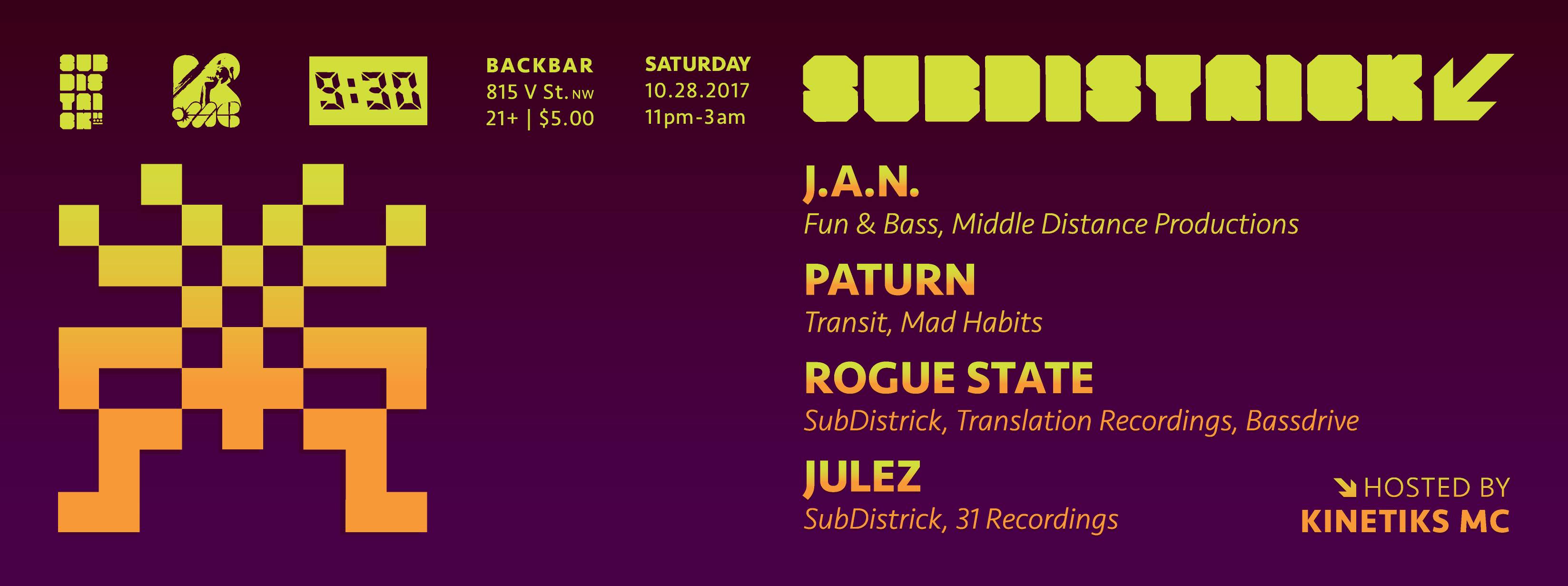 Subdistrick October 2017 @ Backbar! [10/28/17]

--

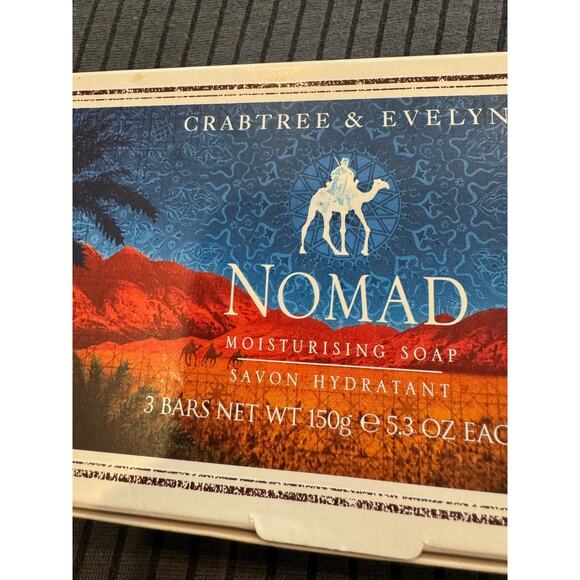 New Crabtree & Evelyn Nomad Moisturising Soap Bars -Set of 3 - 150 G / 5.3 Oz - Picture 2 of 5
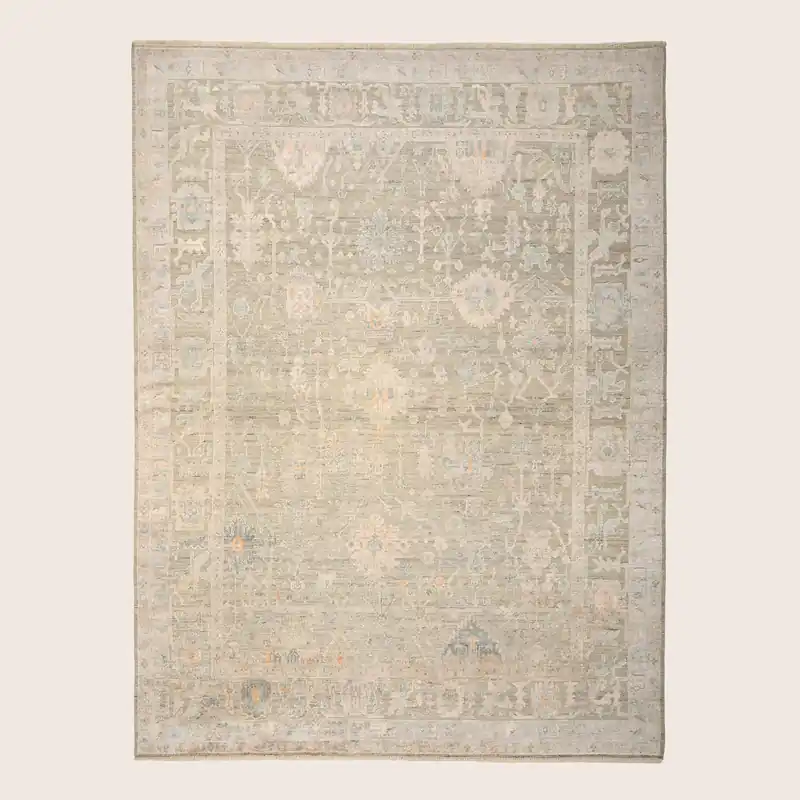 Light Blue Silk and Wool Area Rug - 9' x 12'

...

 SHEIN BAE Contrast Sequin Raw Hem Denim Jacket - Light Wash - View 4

- Task details -
Set down again, word for word, every line from the one with "New Crabtree &" to the one with "Light Blue Silk and Wool Area Rug - 9' x 12'" in the entries above, and omit the pictures.

- Response to this exercise -
 New Crabtree & Evelyn Nomad Moisturising Soap Bars -Set of 3 - 150 G / 5.3 Oz - Picture 2 of 5
 Light Blue Silk and Wool Area Rug - 9' x 12'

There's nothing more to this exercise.